I very quickly was able to see that there was something really different about many of these AAs. The difference was that, before, they had been just as miserable and undesirable as I was. Now they were happy, joyous, and free. They had a spark of life about them that did not exist before. I was willing to go to any lengths to get what they were showing me.
These AAs introduced me to the teachings of Emmet Fox. Dr. Fox had been the Spiritual Advisor for Bill W. and many of the first members of the then new AA. His Sermon on the Mount was used as the first Big Book. This was before Bill wrote the one that we still use. I read The Sermon on the Mount numerous times and started giving it as a gift along with the Big Book. Several of the books, letters, and essays that Dr. Fox wrote said the same thing about prayer. “Every thought is a prayer.”
WOW! That statement smacked me upside the head and filled me with both apprehension and awe. Apprehension came when I thought of the many obscene, violent, negative thoughts that I had on a regular basis. I wondered if I thought of doing serious harm to someone, if I were praying for it to happen. And if so, what kind of rotten so and so did that make me? This was very quickly overruled by the feeling of awe over knowing that I could pray for something or someone by just thinking and/or saying the thought in my own language. I didn’t have to use thees, thys, and so called religious talk that I had learned of in my youth.

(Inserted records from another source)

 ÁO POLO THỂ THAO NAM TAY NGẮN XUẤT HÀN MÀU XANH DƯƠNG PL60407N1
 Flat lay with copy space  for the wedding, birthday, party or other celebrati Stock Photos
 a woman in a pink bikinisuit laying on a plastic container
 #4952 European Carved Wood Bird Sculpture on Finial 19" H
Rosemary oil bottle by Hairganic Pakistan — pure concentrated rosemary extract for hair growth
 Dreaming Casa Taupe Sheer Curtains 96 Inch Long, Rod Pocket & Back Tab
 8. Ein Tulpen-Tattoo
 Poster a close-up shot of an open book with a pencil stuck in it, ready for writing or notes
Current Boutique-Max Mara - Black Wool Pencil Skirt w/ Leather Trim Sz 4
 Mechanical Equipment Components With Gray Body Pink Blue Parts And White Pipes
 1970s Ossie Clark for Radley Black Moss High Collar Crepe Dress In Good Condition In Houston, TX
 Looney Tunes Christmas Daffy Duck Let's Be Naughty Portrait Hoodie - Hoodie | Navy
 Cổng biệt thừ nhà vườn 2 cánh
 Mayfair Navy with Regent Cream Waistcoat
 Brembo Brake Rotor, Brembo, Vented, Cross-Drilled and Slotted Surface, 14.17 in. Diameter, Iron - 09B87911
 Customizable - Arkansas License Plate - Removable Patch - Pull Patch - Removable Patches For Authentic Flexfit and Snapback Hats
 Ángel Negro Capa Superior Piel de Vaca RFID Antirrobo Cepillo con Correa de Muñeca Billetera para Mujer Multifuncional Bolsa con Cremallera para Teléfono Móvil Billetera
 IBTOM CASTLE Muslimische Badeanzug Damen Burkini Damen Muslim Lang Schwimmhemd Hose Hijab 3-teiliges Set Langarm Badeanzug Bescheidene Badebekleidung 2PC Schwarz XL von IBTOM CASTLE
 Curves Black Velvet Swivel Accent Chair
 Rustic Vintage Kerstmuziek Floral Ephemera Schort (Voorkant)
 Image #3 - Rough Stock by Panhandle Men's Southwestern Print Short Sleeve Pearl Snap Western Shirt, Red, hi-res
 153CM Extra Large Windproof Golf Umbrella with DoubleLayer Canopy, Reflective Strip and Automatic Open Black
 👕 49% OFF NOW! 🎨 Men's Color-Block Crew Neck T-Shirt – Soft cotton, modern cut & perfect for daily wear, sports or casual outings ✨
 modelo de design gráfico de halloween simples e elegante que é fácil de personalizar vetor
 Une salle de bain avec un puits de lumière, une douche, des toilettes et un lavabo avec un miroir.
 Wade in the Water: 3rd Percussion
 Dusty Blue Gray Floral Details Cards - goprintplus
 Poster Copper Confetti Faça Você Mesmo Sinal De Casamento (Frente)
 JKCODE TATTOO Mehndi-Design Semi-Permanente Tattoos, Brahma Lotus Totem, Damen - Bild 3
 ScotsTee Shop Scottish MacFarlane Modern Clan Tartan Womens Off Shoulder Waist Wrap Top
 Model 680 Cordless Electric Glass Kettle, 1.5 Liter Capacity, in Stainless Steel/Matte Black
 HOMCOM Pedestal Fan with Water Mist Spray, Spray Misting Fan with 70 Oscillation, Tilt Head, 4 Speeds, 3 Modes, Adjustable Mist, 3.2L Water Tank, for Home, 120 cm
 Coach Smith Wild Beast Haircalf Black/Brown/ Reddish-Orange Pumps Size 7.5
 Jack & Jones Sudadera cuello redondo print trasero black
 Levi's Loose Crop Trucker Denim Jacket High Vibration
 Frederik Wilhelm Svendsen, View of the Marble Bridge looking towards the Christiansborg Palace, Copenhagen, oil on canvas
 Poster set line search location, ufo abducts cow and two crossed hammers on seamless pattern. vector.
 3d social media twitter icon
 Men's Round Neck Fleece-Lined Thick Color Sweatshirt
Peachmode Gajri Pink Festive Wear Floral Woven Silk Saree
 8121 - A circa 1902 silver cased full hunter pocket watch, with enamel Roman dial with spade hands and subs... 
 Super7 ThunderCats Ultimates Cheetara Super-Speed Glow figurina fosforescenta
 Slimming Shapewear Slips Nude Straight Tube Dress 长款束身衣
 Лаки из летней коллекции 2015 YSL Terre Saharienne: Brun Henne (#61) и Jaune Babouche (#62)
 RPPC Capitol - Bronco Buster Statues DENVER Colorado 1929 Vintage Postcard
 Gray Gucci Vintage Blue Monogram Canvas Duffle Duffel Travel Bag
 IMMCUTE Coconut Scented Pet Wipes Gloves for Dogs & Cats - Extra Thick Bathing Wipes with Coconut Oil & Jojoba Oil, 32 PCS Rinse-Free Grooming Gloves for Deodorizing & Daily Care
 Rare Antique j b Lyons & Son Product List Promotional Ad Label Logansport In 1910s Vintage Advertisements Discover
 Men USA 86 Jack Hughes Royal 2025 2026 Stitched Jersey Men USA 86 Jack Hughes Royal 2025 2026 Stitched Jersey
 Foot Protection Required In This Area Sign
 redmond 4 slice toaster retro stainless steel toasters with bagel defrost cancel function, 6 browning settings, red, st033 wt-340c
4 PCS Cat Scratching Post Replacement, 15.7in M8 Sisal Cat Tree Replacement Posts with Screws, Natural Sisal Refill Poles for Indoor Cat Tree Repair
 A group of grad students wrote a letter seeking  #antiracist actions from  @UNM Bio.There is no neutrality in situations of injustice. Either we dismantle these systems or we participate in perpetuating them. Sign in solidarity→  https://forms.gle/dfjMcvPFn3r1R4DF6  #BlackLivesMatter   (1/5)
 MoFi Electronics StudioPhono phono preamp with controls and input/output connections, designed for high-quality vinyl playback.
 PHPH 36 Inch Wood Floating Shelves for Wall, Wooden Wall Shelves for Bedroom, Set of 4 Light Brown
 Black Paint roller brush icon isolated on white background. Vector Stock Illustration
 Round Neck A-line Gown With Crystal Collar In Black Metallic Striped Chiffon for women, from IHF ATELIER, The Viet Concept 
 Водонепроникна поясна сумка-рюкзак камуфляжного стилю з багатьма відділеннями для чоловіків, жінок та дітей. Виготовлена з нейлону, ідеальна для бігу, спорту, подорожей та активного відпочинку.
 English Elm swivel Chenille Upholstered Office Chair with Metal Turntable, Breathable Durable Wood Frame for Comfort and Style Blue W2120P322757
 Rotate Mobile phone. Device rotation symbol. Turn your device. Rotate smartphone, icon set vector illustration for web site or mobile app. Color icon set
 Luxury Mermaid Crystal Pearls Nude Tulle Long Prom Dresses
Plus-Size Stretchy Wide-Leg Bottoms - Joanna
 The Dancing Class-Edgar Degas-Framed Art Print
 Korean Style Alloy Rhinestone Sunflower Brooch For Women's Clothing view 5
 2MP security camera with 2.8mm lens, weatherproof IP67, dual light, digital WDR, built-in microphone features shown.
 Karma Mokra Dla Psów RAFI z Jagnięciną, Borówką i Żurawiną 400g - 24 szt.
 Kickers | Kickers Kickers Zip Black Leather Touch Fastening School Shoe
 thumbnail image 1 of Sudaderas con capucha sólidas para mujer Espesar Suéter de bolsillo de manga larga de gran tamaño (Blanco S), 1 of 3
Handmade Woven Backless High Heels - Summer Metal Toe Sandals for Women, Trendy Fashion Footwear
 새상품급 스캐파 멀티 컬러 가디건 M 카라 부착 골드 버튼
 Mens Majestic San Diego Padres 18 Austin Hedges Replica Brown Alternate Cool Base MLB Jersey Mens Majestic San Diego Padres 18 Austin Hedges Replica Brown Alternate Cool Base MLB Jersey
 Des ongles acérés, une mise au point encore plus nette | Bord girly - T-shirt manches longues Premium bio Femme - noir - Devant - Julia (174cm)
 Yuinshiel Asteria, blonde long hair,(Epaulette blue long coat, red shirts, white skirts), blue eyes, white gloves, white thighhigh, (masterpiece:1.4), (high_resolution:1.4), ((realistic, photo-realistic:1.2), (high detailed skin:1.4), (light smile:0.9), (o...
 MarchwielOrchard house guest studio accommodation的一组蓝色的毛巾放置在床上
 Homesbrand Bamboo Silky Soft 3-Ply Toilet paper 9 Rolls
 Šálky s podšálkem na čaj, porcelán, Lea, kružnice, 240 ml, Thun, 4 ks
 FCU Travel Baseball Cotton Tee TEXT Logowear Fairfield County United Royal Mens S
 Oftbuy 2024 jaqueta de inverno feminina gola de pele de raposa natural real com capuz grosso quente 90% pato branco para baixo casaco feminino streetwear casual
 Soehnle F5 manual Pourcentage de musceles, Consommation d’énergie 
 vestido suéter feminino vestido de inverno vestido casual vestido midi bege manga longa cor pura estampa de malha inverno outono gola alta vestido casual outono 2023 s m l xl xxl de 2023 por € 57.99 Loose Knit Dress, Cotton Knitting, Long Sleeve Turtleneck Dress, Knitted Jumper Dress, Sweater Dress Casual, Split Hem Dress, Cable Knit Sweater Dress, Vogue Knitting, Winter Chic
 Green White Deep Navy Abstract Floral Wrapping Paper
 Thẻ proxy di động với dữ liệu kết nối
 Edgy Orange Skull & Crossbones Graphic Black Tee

If every thought is a prayer, I can pray meaningfully for anything just by thinking of it. This led to me talking with my Higher Power. I now choose to call It God. Just as if He were a friend sitting next to me in the car or living room or porch. Step 11 tells us: “Sought through prayer and meditation to improve our conscious contact with God as we understood Him, praying only for knowledge of His will for us and the power to carry that out.” To do this, I talk on a regular basis to my Higher Power as mentioned above just like talking with a friend.
In my stage of meditation, I believe that this happens when I get the guidance that I requested from God. It always comes, whether or not I like the response. I say a prayer for guidance. This is then followed by an “instinct” or “inspiration” which I once shrugged off. The thing that I am comfortable with by using these tools is, that if I am comfortable with going where I am being guided, I am doing God’s will. If I am apprehensive at all, I stop and reassess. Why stop? Because it just might not be His will.
So, to me, the answer to the question posed in the topic is that each and every thought that I have is a prayer. That is why it is so important for me to watch my thoughts closely. And then act accordingly. Very simple but not always easy!